Io sono uno che dimentica. A volte è un vantaggio, altre volte no. Il suo lavoro, che seguo da anni, è invece parte di una memoria personale che diventa, per forze di cose, anche la memoria storica e politica di questo paese. È impresso su carta, quindi è impossibile da dimenticare. Un vantaggio o uno svantaggio?

Uno svantaggio sarebbe se uno è incoerente, perché allora queste azioni o dichiarazioni passate diventano scheletri nell’armadio. Ma se c’è una coerenza di pensiero e se c’è un’autocritica sincera ogni volta che questo pensiero si modifica, la vivacità di un ricordo non può essere che una cosa positiva. Ricordo significa memoria e la memoria è la cosa che forse più manca in questo mondo attuale che per gli impegni e le distrazioni molteplici tende alla superficialità immediata.

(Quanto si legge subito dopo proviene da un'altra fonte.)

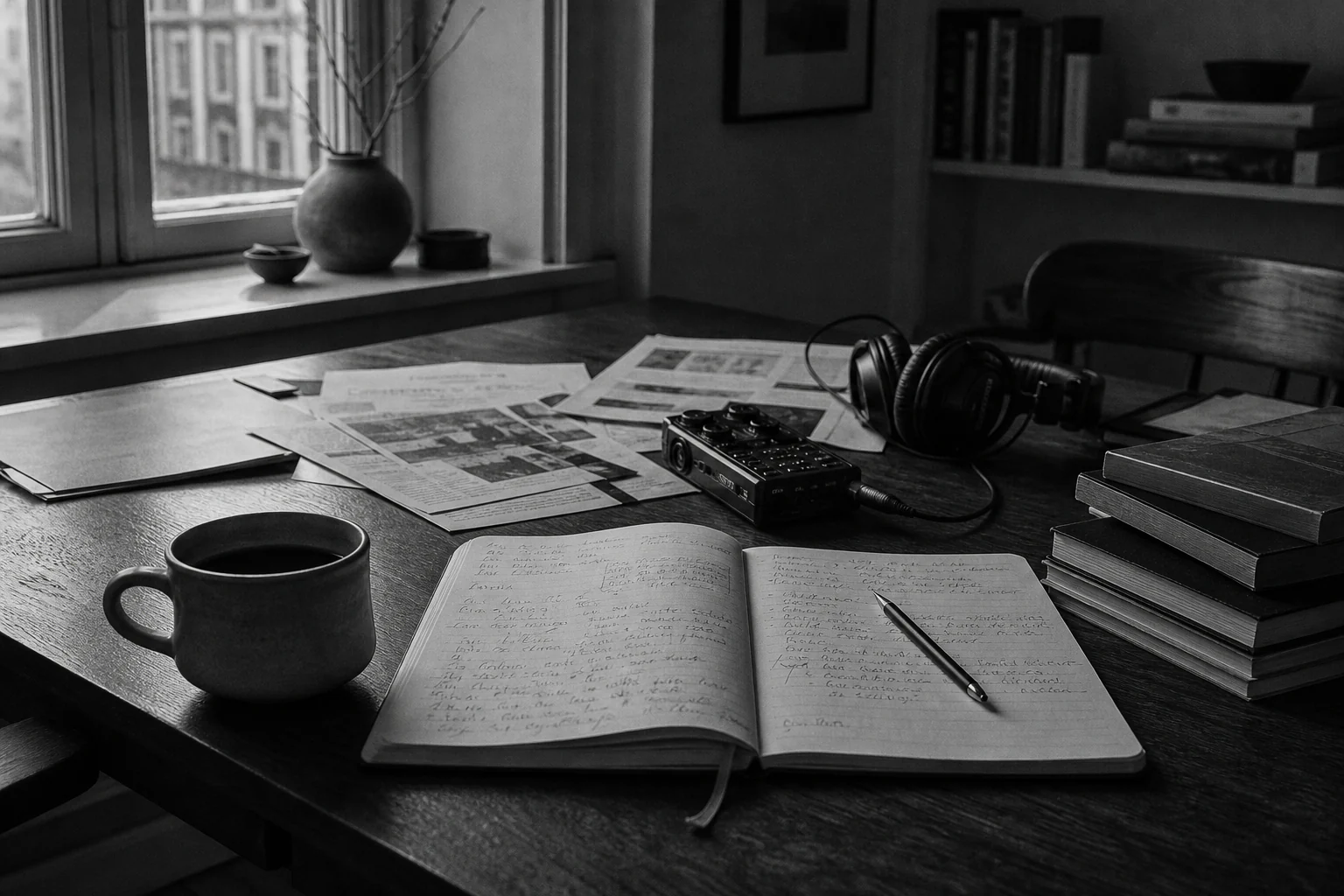 Notebook, printed pages, headphones and recorder on a writing desk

Lei con Bobo e attraverso Bobo, ci sta raccontando dei pezzi importanti della sua vita, delle sue idee e delle sue osservazioni. Come ci si sente a condividere così tanto di sé con i suoi lettori, da un punto di vista emotivo?

Bene. Bobo fondamentalmente è un buono e se qualcuno si riconosce in lui vuol dire che almeno questa qualità la possiede ed è la qualità più bella per una persona. Le più belle parole rivoluzionarie, solidali, fraterne che hanno guidato i movimenti collettivi che chiedevano libertà e giustizia sono nulla, sono involucri vuoti, se la persona che le pronuncia non è profondamente buona. Il leninismo ha sbagliato in questo, ha affidato ad uomini pragmatici e necessariamente cinici il compito di costruire una società giusta: hanno saputo costruire solo stati di polizia. Personalmente cambierei lo slogan di Marx «proletari di tutto il mondo unitevi» in «generosi di tutto il mondo unitevi».

sergio staino intervista

Ricordo una storia di Bobo di parecchio tempo fa. C’era un Bobo in crisi di mezza età, una crisi politica e non solo, che si faceva un taglio di capelli alla moicano, si metteva un Chiodo e poi andava in edicola a comprare Frigidaire e Rinascita. Sento di essere arrivato anche io molto vicino a quel momento lì. Ha qualche consiglio da darmi, soprattutto per il mio sentirmi in crisi politicamente?

La storia non era proprio così. Si rasava e si metteva il “chiodo” per tentare di integrarsi ai giovani trasgressivi ma poi, incontrando i bambini, si impauriva di fronte al trauma che questi provavano nel vedere il babbo ridotto così. Insomma, era il contrasto fra la voglia di inseguire in modo libero e anarchico i borderline della società e l’opposta scelta di costituire una famiglia piena di sicurezze tradizionali. Alla fine andava sì dal giornalaio a chiedere quelle due riviste così lontane tra loro ma vestito normalmente e con un cappello in testa per celare la rasatura. In fondo anch’io sono così: sogno in continuazione una società anarchica libera da ogni convenzione conformista e burocratica e poi mi commuovo profondamente per essere capofamiglia di una famigliola che più conformista e tradizionale di così non potrebbe essere.

Se sono di sinistra lo devo, in parte, a una cugina più grande che nei primi anni Ottanta mi passava Linus da leggere. Ora toccherebbe a me. Che cosa posso passare a un mio cuginetto? I volumi di Zerocalcare?

Sì, Zerocalcare va benissimo. Ma anche il Berlinguer di Veltroni, Il Piccolo Principe, o le annate di Dylan Dog. C’è l’imbarazzo della scelta.


*Diego Cajelli è uno scrittore e sceneggiatore di fumetti. Lavora per Sergio Bonelli Editore e Astorina. Il suo sito è www.diegozilla.com.